The technology first originated in Carnegie Mellon University, which was later acquired by Google. The current version disposes of the text-based ‘puzzle’ in favor of matching images like below:
This change is very timely, as the old text-based CAPTCHA apparently is no longer effective in differentiating a human against an automated script, because of the new breakthrough made by a partnership of Peking University of China and Lancaster University of UK. The earlier assumption that only a thinking human being can solve the deliberately confusing texts is broken by a team of researchers from both universities.
The artificial intelligence system they have developed proved to have enough accuracy to automatically solve text-based Captcha puzzles. It may even be considered as better than a human at solving text-based Captchas, as the average resolution speed is a mere 0.05 second in a typical PC configuration.
The specially designed AI utility mimics the basic processes of the human brain; it is a ‘thinking engine’ that learns how to distinguish characters and learns variations as it goes along. The researchers use teaching methods akin to teaching a child to develop its identification skills from a young age.

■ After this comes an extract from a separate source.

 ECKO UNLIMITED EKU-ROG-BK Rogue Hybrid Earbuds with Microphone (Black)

Also, called machine learning, the AI learns with the complexity of the variations submitted to its database, hence can reproduce these variations to compare with the text Captcha presented to it on the screen.
With an advanced machine learning algorithm, even as small as a 500 captcha sample is good enough for a reasonable level of accuracy when it comes to solving captchas. Of course, being a learning as it goes along the type of algorithm, the more time researchers invest in ‘teaching’ the AI, the better it identifies characters from one another.

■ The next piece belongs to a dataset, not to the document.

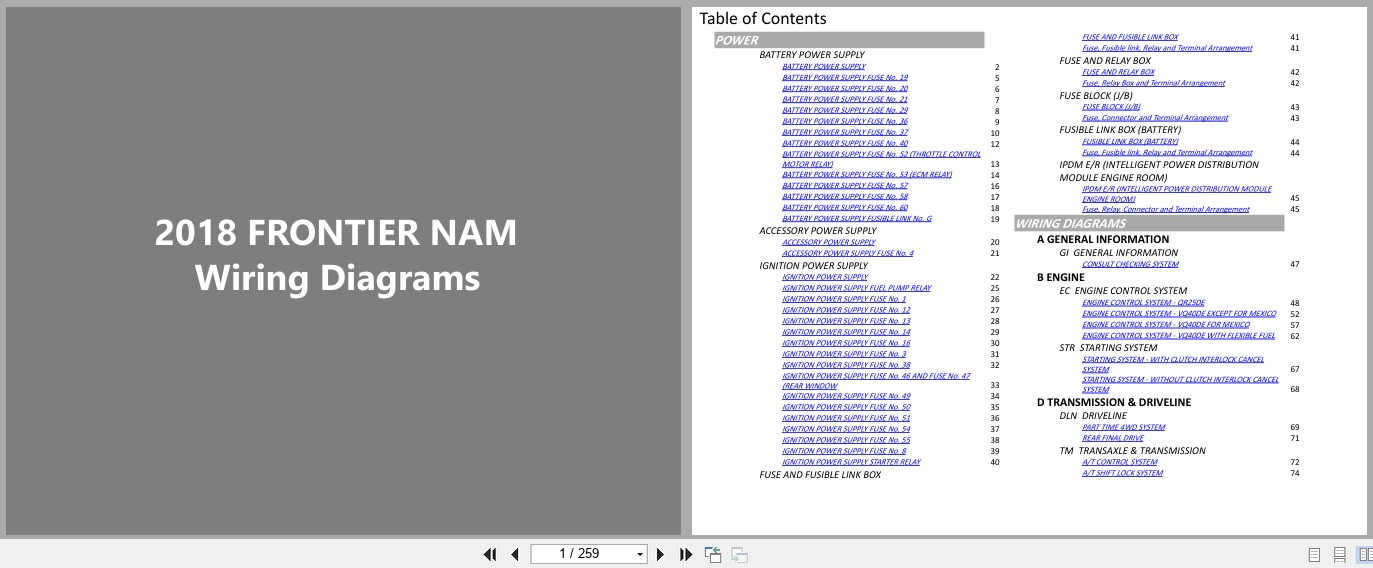 Nissan FRONTIER NAM 2018 FEBRUARY 2019 Electrical Wiring Diagrams (1)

Prior to this breakthrough, previous auto-resolving captcha bots were still unable to solve a number of captchas even tens of thousands of samples were already submitted to it for ‘learning.’
“We show for the first time that an adversary can quickly launch an attack on a new text-based captcha scheme with very low effort,” emphasized Zheng Wang, Lancaster University’s Senior Lecturer.
Google’s release of image-based Captcha is coincidentally a very nice response to the development of this text-based AI that solves text-based Captcha. Many websites that used to have text-based captcha have migrated to use image-based versions for at least a year now. Captcha is historically used to deliberately ‘slow down’ the completion of a form submission. If the text-based captcha is not replaced by the image-based captcha, this breakthrough of the UK and Chinese Universities can bypass security, flooding websites with bot-based sign-ups.
“It allows an adversary to launch an attack on services, such as Denial of Service attacks or spending spam or fishing messages, to steal personal data or even forge user identities. Given the high success rate of our approach for most of the text captcha schemes, websites should be abandoning captchas,” explained Guixin Ye, the Lead of the study.